2000年代半ば、米国出張の途中でテレビのスポーツニュースをつけたところ、終わったばかりの全米女子プロゴルフ(LPGA)ツアーで「アナザー・サウス・コリアン(別の韓国人)がまた優勝した」と言っていた。「米LPGAはいつも決まって『サウス・コリアン』が優勝するスポーツだ」というアナウンサーの言い方が興味深かった。この20年間、朴セリ(パク・セリ)と「セリ・キッズ」が築いてきた韓国女子ゴルフ全盛時代は神話だ。4年前に訪韓したトランプ前米国大統領は国会演説で、韓国の奇跡のような経済発展について語る際、女子ゴルフに言及した。同年の全米女子オープンで1位から4位までがすべて韓国人選手であり、10位までの8人が韓国人選手だった。世界の女子ゴルフ界で「サウス・コリアン」という名前は、全米プロゴルフ協会(PGA)ツアーにおける「ゴルフの皇帝」タイガー・ウッズと同等だった。

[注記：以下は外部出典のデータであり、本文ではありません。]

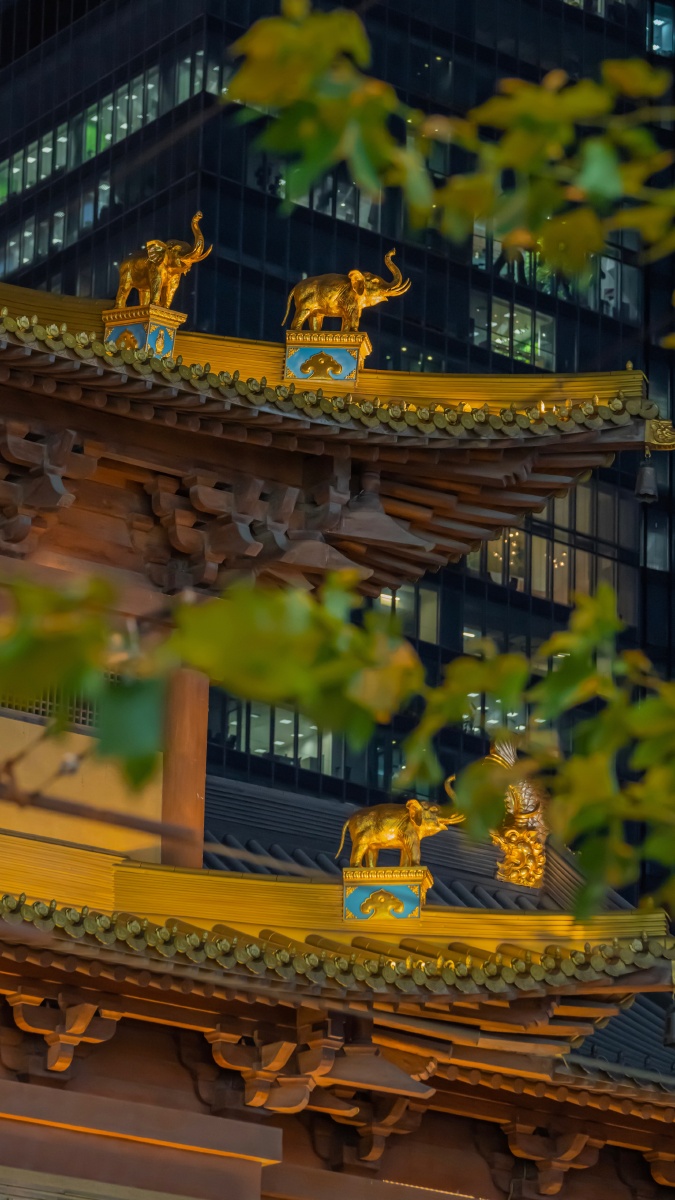上海静安寺夜景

 ステイシー・ルイスはかつて米国トップの女子ゴルフ選手だった。ところが、いつも韓国人選手に優勝を阻まれた。韓国人選手に阻まれて優勝を逃したルイスはインタビューで、「私はこれだけ韓国人選手20人余りと闘っている」と言った。その言葉は間違っていなかった。米国のネリー・コルダは2年前、韓国の大会に出場して一時首位に立ったが、逆転負けした。コルダは「韓国の選手たちはどうやってこのように難しいコースでうまく打てるのか分からない」と言った。

 韓国女子ゴルフは「虎の穴」と同じだ。韓国系以外の選手が韓国で行われる韓国女子プロゴルフ(KLPGA)ツアー大会で優勝したのは、2005年のジュリ・インクスター=米国=のほかにほとんどいない。韓国企業が後援して10代のころから韓国の「虎の穴」を経験したコルダがついに世界ランキング1位になり、東京五輪で金メダルまで手にした。

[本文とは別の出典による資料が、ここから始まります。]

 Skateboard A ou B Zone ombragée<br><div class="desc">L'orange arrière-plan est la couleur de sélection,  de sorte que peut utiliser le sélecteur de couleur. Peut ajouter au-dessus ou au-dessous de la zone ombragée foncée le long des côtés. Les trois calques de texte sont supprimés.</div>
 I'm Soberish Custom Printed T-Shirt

 今は世界各国が韓国のゴルフ有望選手の育成システムを学んでいる。日本は韓国代表のシステムをベンチマークし、オーストラリア出身のコーチを迎え入れて変わった。バラバラだった日本の選手たちのスイングがコンパクトに変わるにつれ、黄金世代が登場した。サムスンが朴セリを育てたように、タイのシンハー・グループは有望選手に米国留学ビザまで与えた。その米国の大学で成長したタイの選手たちが世界の舞台で恐ろしいほどの勢いで急浮上しつつある。

 一昨日、海外女子メジャー最終戦「AIG女子オープン(全英女子オープン)」で韓国人選手は10位以内に1人も入れなかった。今年のメジャー大会で優勝は皆無だ。これは11年ぶりのことだ。LPGA大会における韓国人選手の優勝も大幅に減った。期待していた五輪でもすべて圧倒された。新型コロナ流行で韓国の有望選手たちが米国進出をためらっているという。韓国ツアーも魅力的だし、米ツアーをうらやましがっていた時代でもない。韓国人がゴルフで特に優れているわけでもない。ほかの選手たちよりも一生懸命やっただけだ。だが、今はほかの選手たちも一生懸命やっている。